30 March 2020

Social distancing during the polio epidemics


Lots of comparisons being drawn recently between the coronavirus pandemic and the influenza pandemic of 1918.  In the weeks ahead I'll plan to present some information about the more recent polio epidemics, starting with an article by a professor of history at NYU published in The Atlantic today:
Within days [in the spring of 1949] the hospital’s ICU was overflowing with children, most in critical condition, and mild concern turned to panic. “Polio Takes Seventh Life,” screamed the banner headline. “San Angelo Pastors Appeal for Divine Help in Plague.”

Prayer proved insufficient.
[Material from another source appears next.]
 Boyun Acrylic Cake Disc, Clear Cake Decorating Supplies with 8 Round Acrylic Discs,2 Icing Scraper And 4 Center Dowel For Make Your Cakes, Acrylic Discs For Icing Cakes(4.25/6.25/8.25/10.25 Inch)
For the first time in anyone’s memory, social distancing took hold. The city council voted to close theaters, bars, bowling alleys, and the municipal swimming pool. Tanker trucks sprayed DDT, singling out the open pit toilets on the “Negro” and “Mexican” side of town. Tourist traffic disappeared. The locals stopped handling money, and some refused to speak on the telephone, believing that germs traveled through the transmission lines. Known for its neighborliness, San Angelo quickly ditched the niceties that it once took for granted. “We got to the point that nobody could comprehend,” a pediatrician recalled, “when people would not even shake hands.”...

Both the poliovirus and the coronavirus rely on “silent carriers”—those showing no immediate symptoms—to spread the disease, inciting a fearful sense of uncertainty. Both target specific, if dramatically different, age groups: COVID-19 seems especially lethal for the elderly, polio for the young...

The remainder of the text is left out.